Introduction to Floatation Therapy
for Healthcare Providers (Free Download)
A great thing about Floatation Therapy is how it is a relaxation and tool for self-awareness that has been under the eye of the scientific community from its conception in 1954 at the National Institute of Mental Health by Dr. John C. Lilly.
However, floatation therapy is still in the process of breaking into the mainstream and growing at a breakneck pace. (The number of float centers in America grew from only 10 centers to 500 in the United States in the past eleven years.) While floating is more popular than ever, it is still not quite a household name yet.
Talking to Your Doctor About Floatation Therapy
If you have any specific health concerns, we recommend that you talk to your doctor about if floating is right for you.

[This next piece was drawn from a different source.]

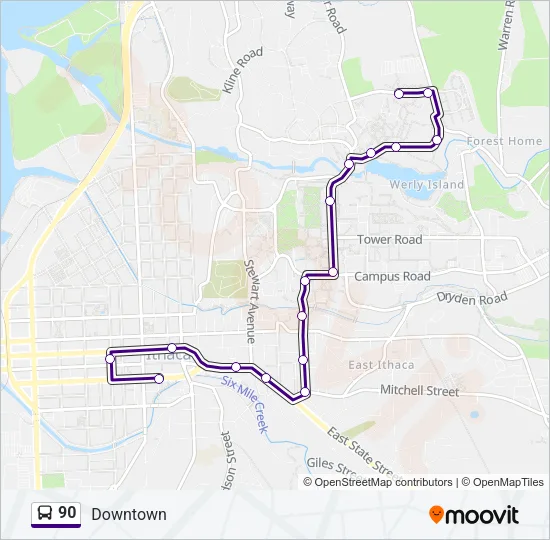 90 Bus Line Map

Floating as a non-pharmaceutical way to treat pain, sleep disorders, and anxiety is becoming increasingly desirable in our society as a way to utilize the body's natural healing mechanisms without the risk of becoming reliant on medication. Doctors and therapists are starting to steer the patients in the direction of the float tank and insurance companies are starting to recognize floating as a legitimate way to treat and prevent health issues. (At Rise Above Floatation, we now accept payments from Health Savings Accounts and Flexible Spending Accounts.)
As floating becomes more utilized to practically treat mental and health concerns, there is always the question of if it's right for you and your particular situation. and how can you ask your doctor about it.

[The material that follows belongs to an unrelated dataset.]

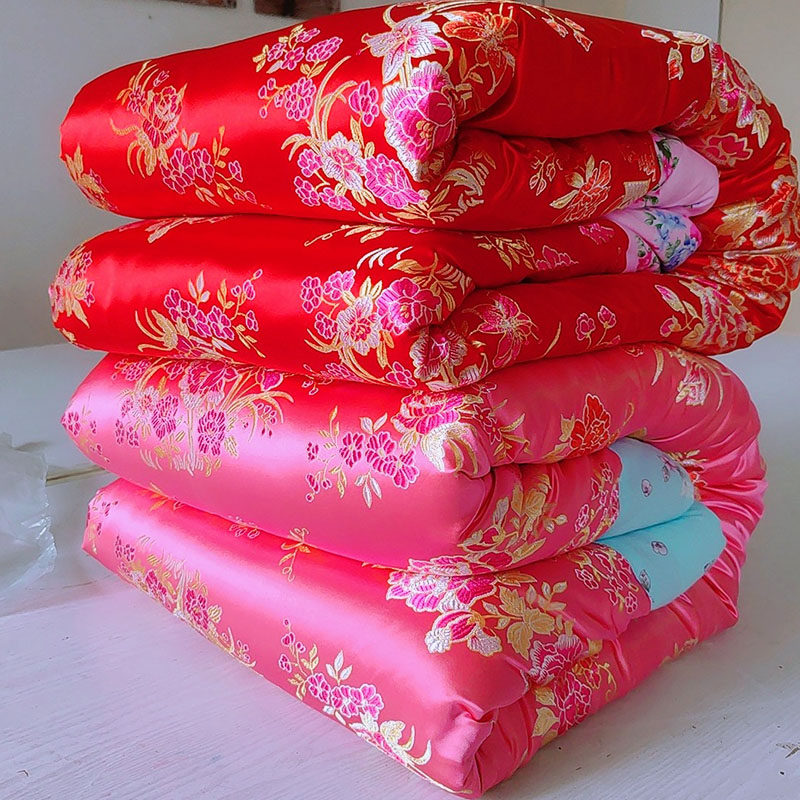 古代老式丝绸绸缎杭州织锦被面结婚四季手工被子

We have attached a free medical review of the recent research on floatation therapy, also known as Reduced Environmental Stimulation Therapy (R.E.S.T.) to download, published by the American Association of Naturopathic Physicians as a document for potential floaters to give to their doctors
This journal is particularly useful to those who are looking to use float therapy as a way to treat or augment their existing treatment of:
Chronic Stress/Anxiety, such as PTSD
Muscular Tension and Pain
It is also a good resource to provide your doctor to explain what floating is in more detail of the process and the interaction with Magnesium Sulfate.

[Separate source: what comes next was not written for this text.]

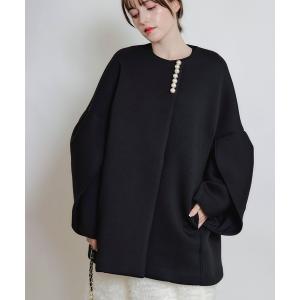 ノーカラーコート コート 3Dスリーブパールダンボールコート レディース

Other concerns that we recommend talking to your doctor about if you are considering using floatation therapy as a way to replace or augment existing medical treatment:
Untreated Epilepsy (Not Recommended by us)
Schizophrenia (Not Recommended by us)
Floating is a generally safe practice but it is always best to err on the side of caution and consult a professional who may have a deeper insight into your particular situation.